Ein Bug im File Transfer Protocol könnte laut den Sicherheitsspezialisten von PGP Security eine Hintertür für Angreifer und Vandalen offen lassen. Mittlerweile warnt auch CERT, das Coordination Center der Carnegie Mellon University, vor dem Fehler. „Diese Schwachstelle kann einem Angreifer einen einfachen Weg aufzeigen, Web-Sites zu verunstalten. Darüber hinaus können Daten verlorengehen und ganze private Netzwerke angegriffen werden“, sagte der Chef der PGP-Eingreiftruppe, Jim Magdych.

Das Problem taucht bei einer Funktion auf, die es den Nutzern erlaubt auf einem File Server nach bestimmten Wörtern zu suchen, obwohl sie den gesamten Dateinamen nicht kennen. Geben Angreifer einen speziell zusammengestellten Suchterminus ein, kann der Computer nach Angaben von PGP Security dazu gebracht werden, Malicious Code auszuführen.

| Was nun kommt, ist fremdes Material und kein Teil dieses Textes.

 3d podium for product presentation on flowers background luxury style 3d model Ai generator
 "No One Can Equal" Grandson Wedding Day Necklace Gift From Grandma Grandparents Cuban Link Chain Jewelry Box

Das Problem tritt laut seinen Entdeckern beim Standard OS-Paket von Sun Microsystems (Börse Frankfurt: SSY), Hewlett-Packard (HP Börse Frankfurt: HWP) und Silicon Graphics (SGI, Börse Frankfurt: SIG) auf. Auch das FTP-Softwarebundel, das zusammen mit Net BSD und Free BSD kommt, sei betroffen, so Magdych.

CERT listet die verschiedenen Anbieter von FTP-Software mit ihrem jeweiligen Status sowie Links auf. Bis ein Patch des Herstellers erhältlich ist, empfiehlt Magdych die Rechte von anonymen FTP-Usern so einzuschränken, dass sie keine Schreibrechte haben und kein Verzeichnis anlegen dürfen.